そして俺は、群衆の中でぽつんと一人、二階席から一階の光景を見ている。
落ちた。
目標にしてきたピアノコンクール。結果的に、入選すら出来なかった。
毎日ピアノを弾き続け、高みへと目指してきてなお、届かなかった。
ステージの中心に立っているのは――女子小学生。
桃色の繊細で美しいドレスを身に纏っている彼女は、そのたれ目を閉じ、ふんわりとカールしたセミロングの髪を揺らしながら一礼する。
彼女の順位は、一位。
ああ……天才とはこういう人のことを言うのだろう。
無駄のない透き通るような音、解像度の高い表現力、まるで花と戯れているかのような優雅な演奏姿。そのすべてが、目の前の景色へと繋がっているのだろう。

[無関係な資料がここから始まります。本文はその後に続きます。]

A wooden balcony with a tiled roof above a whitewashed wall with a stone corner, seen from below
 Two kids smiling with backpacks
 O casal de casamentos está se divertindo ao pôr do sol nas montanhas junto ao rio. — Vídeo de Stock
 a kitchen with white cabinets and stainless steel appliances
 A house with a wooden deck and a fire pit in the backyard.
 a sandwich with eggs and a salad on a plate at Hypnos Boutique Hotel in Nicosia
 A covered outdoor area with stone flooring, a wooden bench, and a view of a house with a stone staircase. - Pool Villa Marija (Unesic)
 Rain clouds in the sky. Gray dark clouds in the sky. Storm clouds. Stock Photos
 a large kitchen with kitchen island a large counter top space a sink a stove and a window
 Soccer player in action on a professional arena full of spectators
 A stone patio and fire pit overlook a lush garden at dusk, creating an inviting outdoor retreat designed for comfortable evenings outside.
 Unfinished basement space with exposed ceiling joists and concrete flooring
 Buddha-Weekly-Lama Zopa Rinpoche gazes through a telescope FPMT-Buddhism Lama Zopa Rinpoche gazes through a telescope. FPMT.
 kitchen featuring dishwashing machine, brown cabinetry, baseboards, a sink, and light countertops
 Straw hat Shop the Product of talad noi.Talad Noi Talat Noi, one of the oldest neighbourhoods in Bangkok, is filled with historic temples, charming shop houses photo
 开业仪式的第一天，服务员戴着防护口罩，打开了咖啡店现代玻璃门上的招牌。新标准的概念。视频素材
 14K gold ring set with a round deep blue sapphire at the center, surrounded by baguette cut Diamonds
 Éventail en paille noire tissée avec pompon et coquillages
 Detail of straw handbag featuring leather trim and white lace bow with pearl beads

俺は心の中に広がっている黒いもやもやを体から追い払うように、ため息をつく。悔しさで落ち着いていられず、ホールを出ようと立ち上がる。
すると一瞬、あの子と目があった気がした。
何故か、不安そうな表情をしている。
……いや、気のせいだろう。
俺は更衣室に向かい、着替えてすぐに外へ出た。オレンジ色の夕日が空一面を薄く染めている。風が湿気を含んでじめじめしており、加えて生暖かい。ひどく嫌な気持ちになりながら、俺は道路の脇にある父の車へと近づき、助手席の扉を開けて中へ乗り込む。
「落ちたのか」
ポケットから電子たばこを取り出しながら、予見していたかのように淡々と聞いてくる。
「落ちた」
「残念だったな」
「心にもないことを言わなくていい」
父は車を発進させると同時に、少しだけ開放してある窓から外へ煙を吐く。
「これで三回連続か」
「そうだな」
答えてからしばらくの間、俺たちはずっと黙っていた。
流れていく景色をガラス越しに眺めようとすると、自分の姿がうっすらと映った。顔色は優れず、そのくせ髪色は明るい茶色でマッシュヘアにしている。正直気持ちが悪い。
あっという間だった。
すぐにでもプロになりたくて、中三の時に同じコンクールに初めて出演したことを思い出す。
あれから、何も変わっていない。
「ところで氷吏、これからどうするんだ」
「まだ何も決めてない」
「ピアノはやめるのか」
「やめない」
「そんなにも、ピアノがしたいのか」
「したいさ」
「死んだ母さんを超えるため、だったか」
「ああ」
「ずっと聞いているが、そんなことして何になる」
「母さんのためだ」
「はぁ。これもずっと言っているが、意味が分からないぞ」
「俺が下手だと、母さんまでバカにされるだろう。それだけは、許せない」
「さも当然のことのように発言してるが、被害妄想だろうそれは」
「実際にされたんだよ」
「誰に」
「中学にいたピアノ弾き」
「どうせ何も考えずに鍵盤を叩いている連中だろうに」
ここまでが俺たちの定跡だ。毎年同じような会話を繰り返している。
「そろそろやめたらどうだ」
プチンっと頭の中で何かが切れ、気がつけば俺は父さんの左腕を掴んでいた。
「離してくれないか。運転できない」
「何で俺がピアノから手を引かないといけないんだ」
諦めたのか、父さんは左手をハンドルからどかして片手運転に切り替えた。
「さっきも言ったが、意味がないからだ」
「人の名誉を守ることが無意味だとでもいうのか」
「優秀な成績を残したピアニストだ。たかが子供にバカにされたところで、傷一つ付くわけないだろう」
表情一つ変えずにいる父さんを、俺は睨む。
「だとしても、そんな奴らが存在していること自体が許せないんだ」
頭の中で、あいつらのセリフが響いてくる。
「お前あのピアニストの子供なのに、あんまり上手くないよな~」「おまえの母さん、あんまり大したことなかったりして!」
思い出したくもない。嘲笑するようなあの憎たらしい声と表情は。だんだんイライラしてくる。
「おい。いい加減に手をどけてくれ」
俺は黙って手を離し、再び窓の外に目を向ける。
「ともかく、ピアノ教室はそこそこ金がかかるんだ。いい結果を出してくれよ」
「言われなくても分かってる」
どうせ俺には、もうピアノしかないのだから。